═══ Records to process

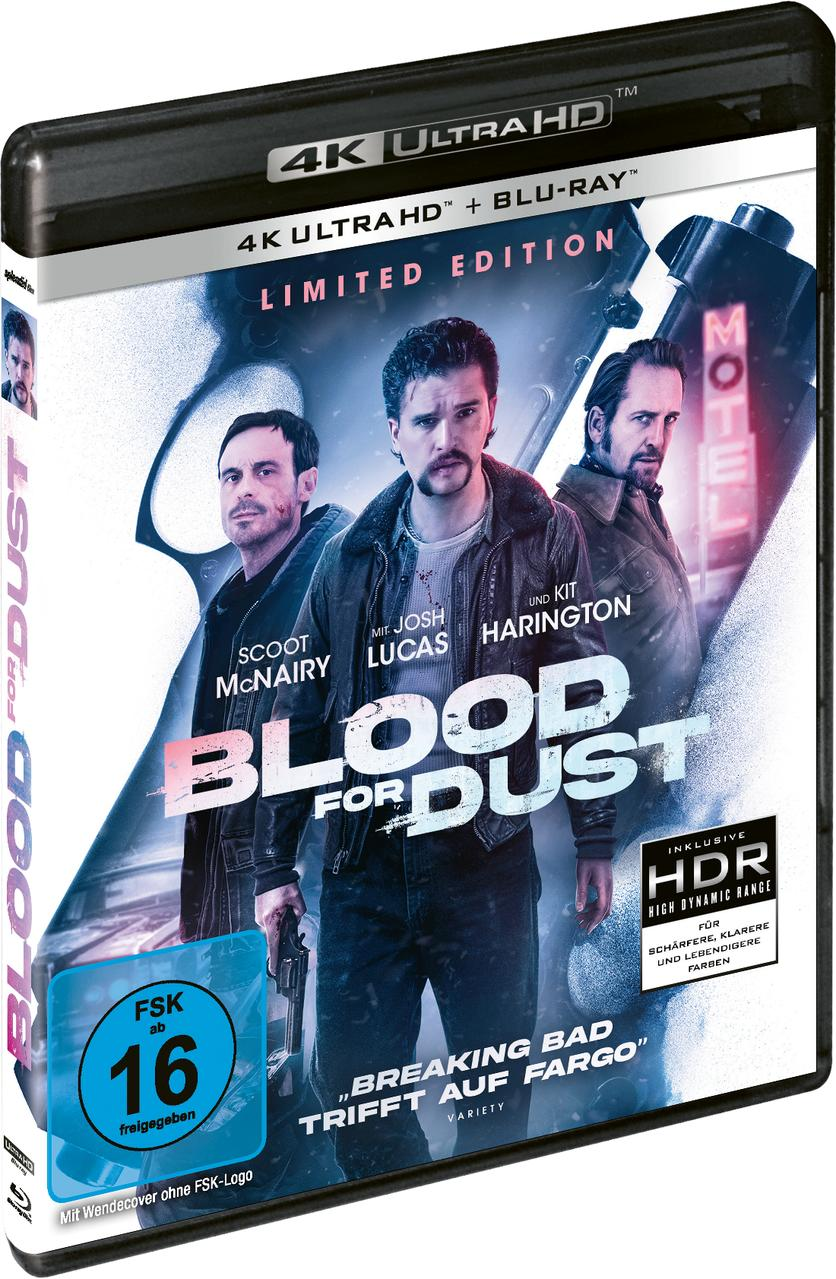 4K Ultra HD Blu-ray-Cover mit drei Männern. Titel 'Blood for Dust'. FSK 16-Einstufung sichtbar.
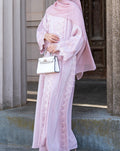 Lace Abaya - Blush
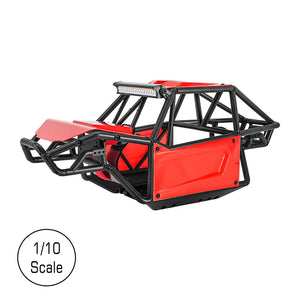 INJORA Nylon Rock Buggy Roll Cage Body Shell Chassis Kit For 1/10 SCX10 II 90046 UTB10 Capra (Red)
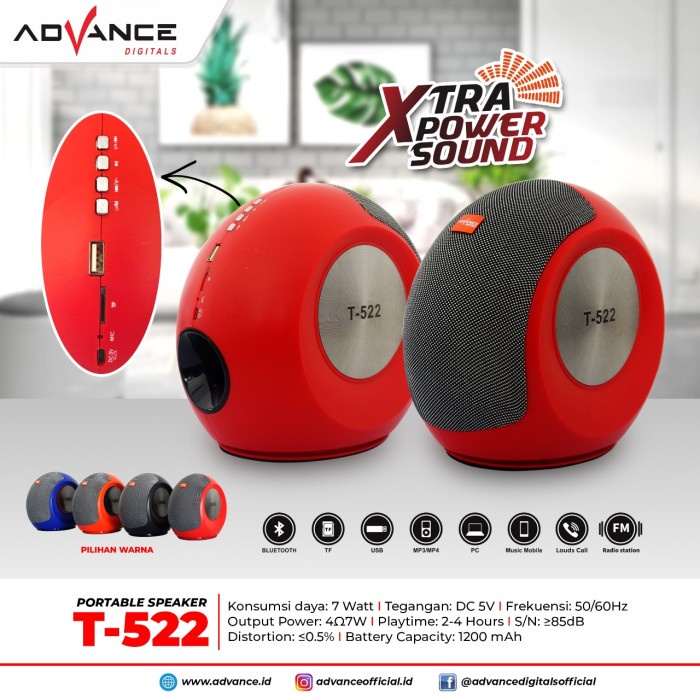 Speaker Advance Portable / Speaker Bluetooth Mini / T-522BT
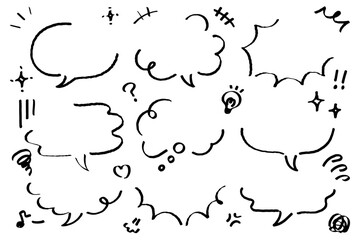 手書きの吹き出しと漫符のセット＿線
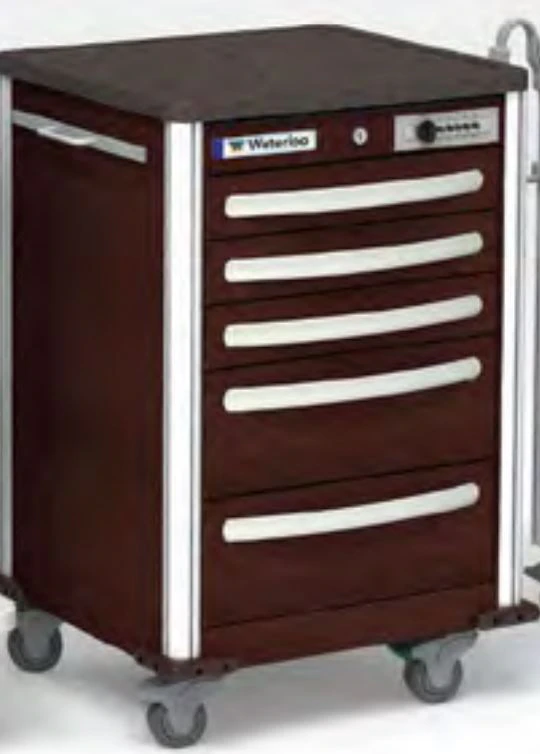 Waterloo Healthcare Short 5-Drawer Aluminum Bedside Cart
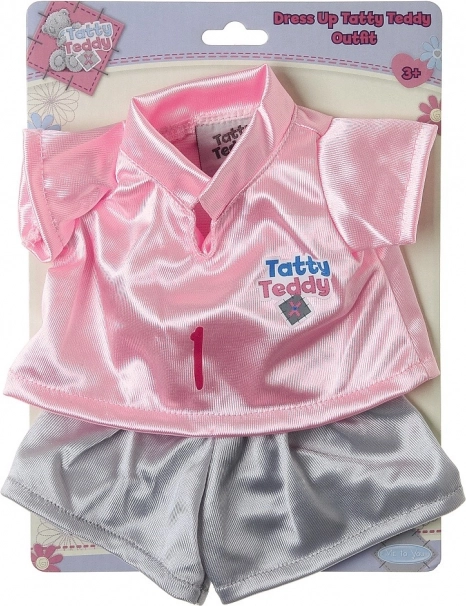 Plišasti medvedek TATTY TEDDY v majici in kratkih hlačah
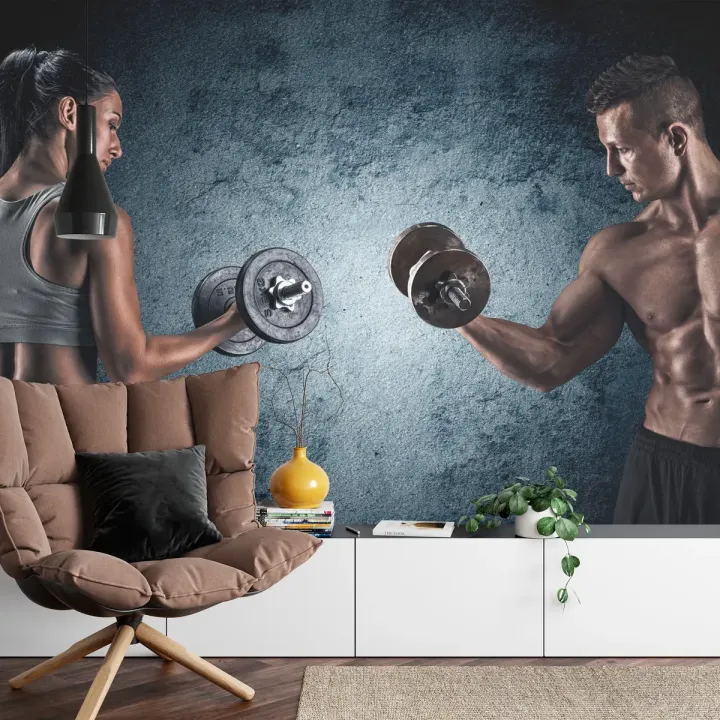 Fototapeta Umięśniony Mężczyzna i Wysportowana Kobieta – Motywacja Fitness na Siłownię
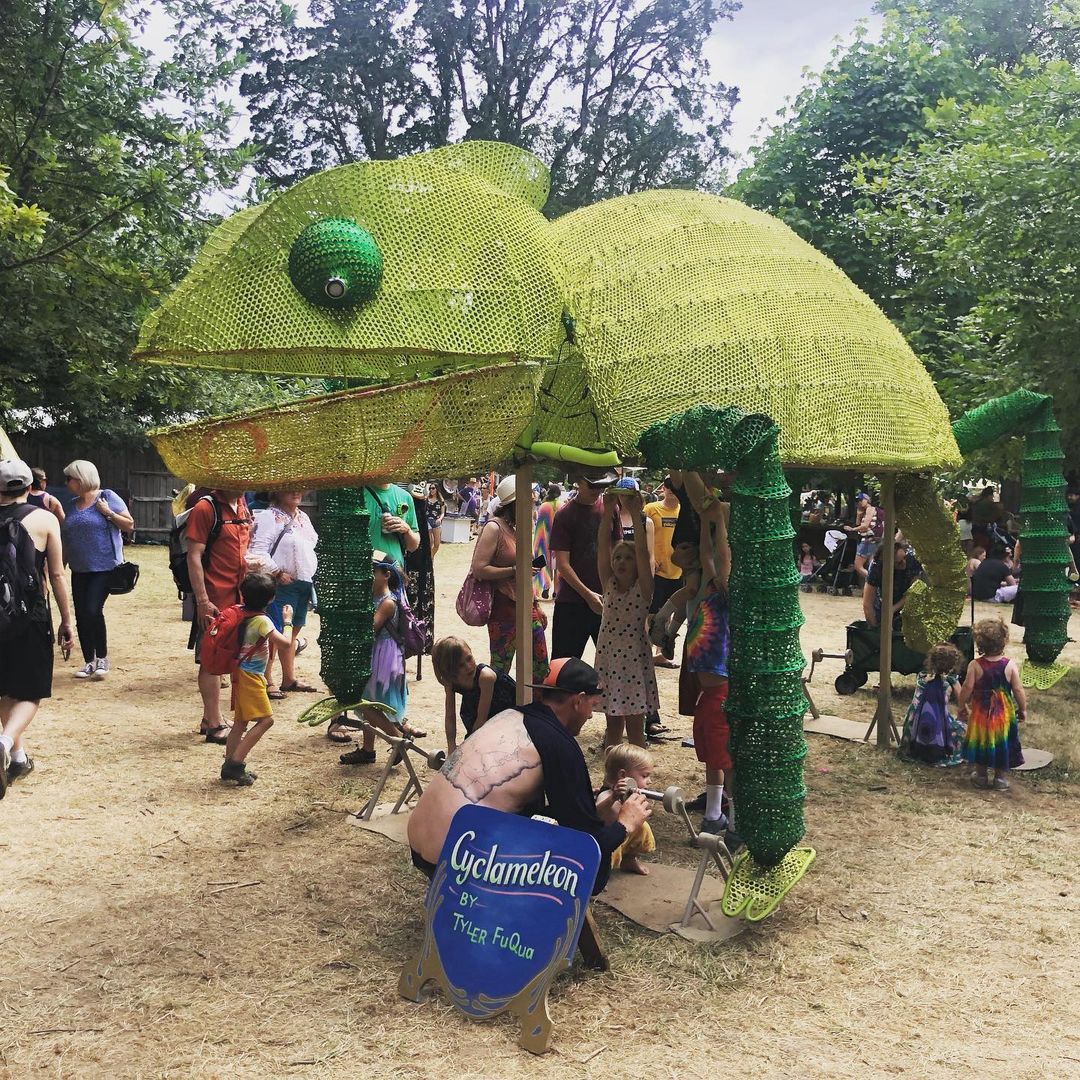 Clyde the Cyclameleon has been quite the hit at the Oregon Country Fair though w…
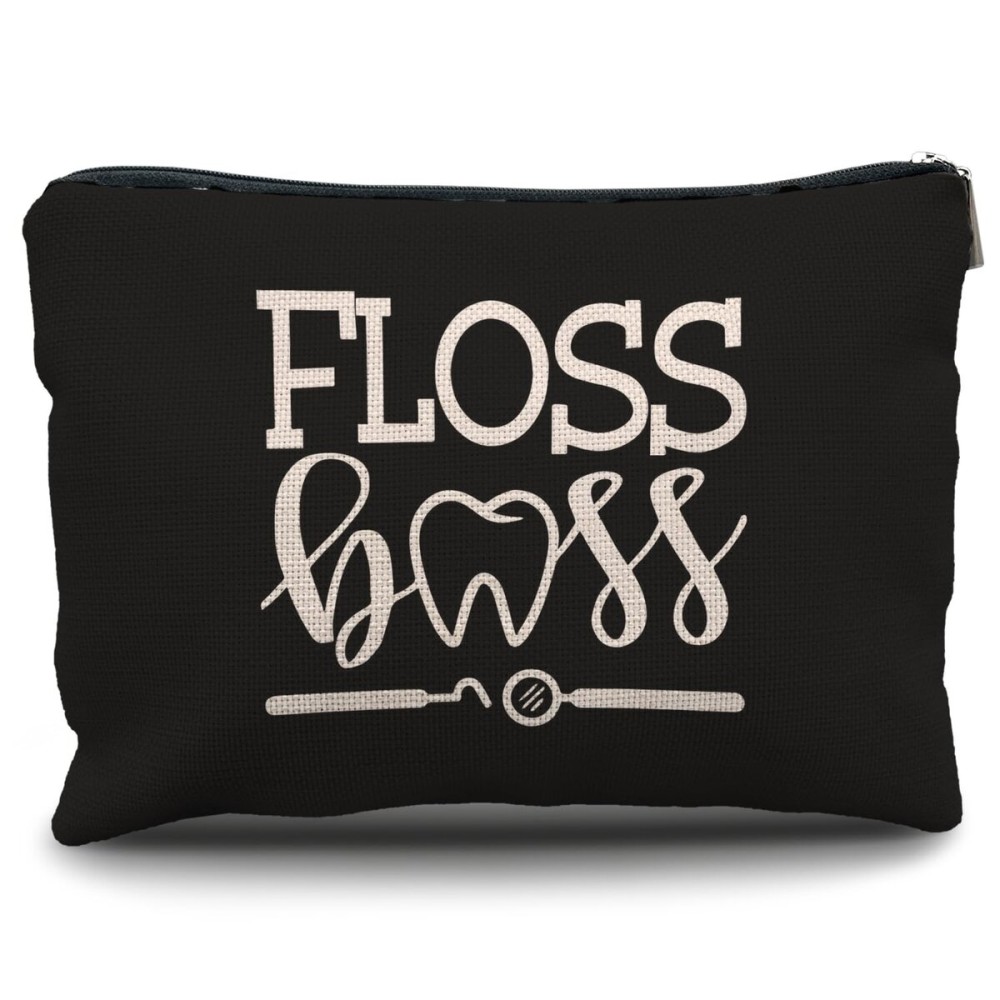 Nogrit Dentist Gift Black Makeup Bag,Dental Hygienist Gifts for Women,Dental Assistant Gifts,Floss Boss Small Cosmetic Makeup Bag for Purse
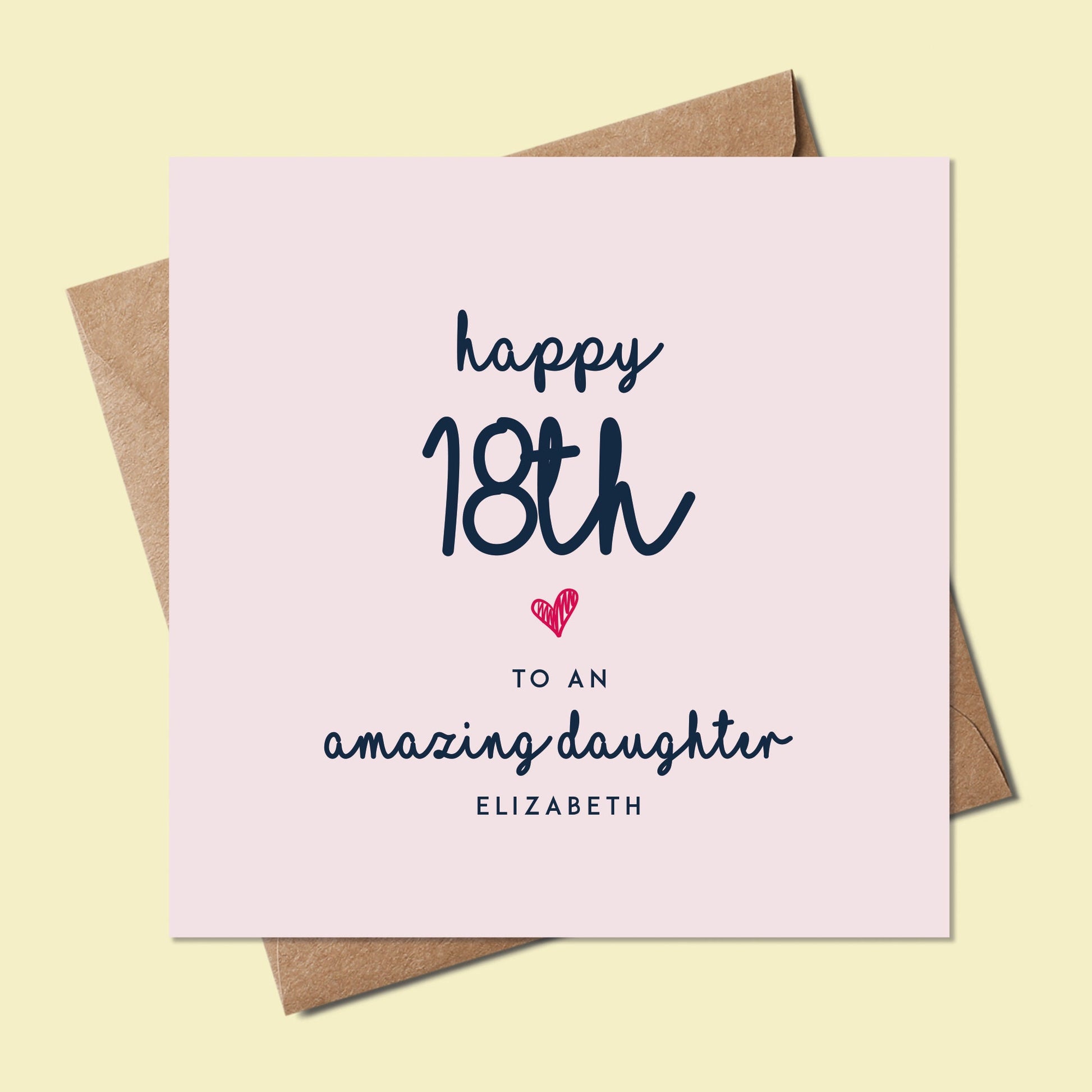 Daughter 18th Birthday Card Personalised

══════

◆ What needs to be done
Return a verbatim transcription of the data, omitting all images.

◆ Completed exercise
 4K Ultra HD Blu-ray-Cover mit drei Männern. Titel 'Blood for Dust'. FSK 16-Einstufung sichtbar.
 Lace Abaya - Blush
 INJORA Nylon Rock Buggy Roll Cage Body Shell Chassis Kit For 1/10 SCX10 II 90046 UTB10 Capra (Red)
 Speaker Advance Portable / Speaker Bluetooth Mini / T-522BT
 手書きの吹き出しと漫符のセット＿線
 Waterloo Healthcare Short 5-Drawer Aluminum Bedside Cart
 Plišasti medvedek TATTY TEDDY v majici in kratkih hlačah
 Fototapeta Umięśniony Mężczyzna i Wysportowana Kobieta – Motywacja Fitness na Siłownię
 Clyde the Cyclameleon has been quite the hit at the Oregon Country Fair though w…
 Nogrit Dentist Gift Black Makeup Bag,Dental Hygienist Gifts for Women,Dental Assistant Gifts,Floss Boss Small Cosmetic Makeup Bag for Purse
 Daughter 18th Birthday Card Personalised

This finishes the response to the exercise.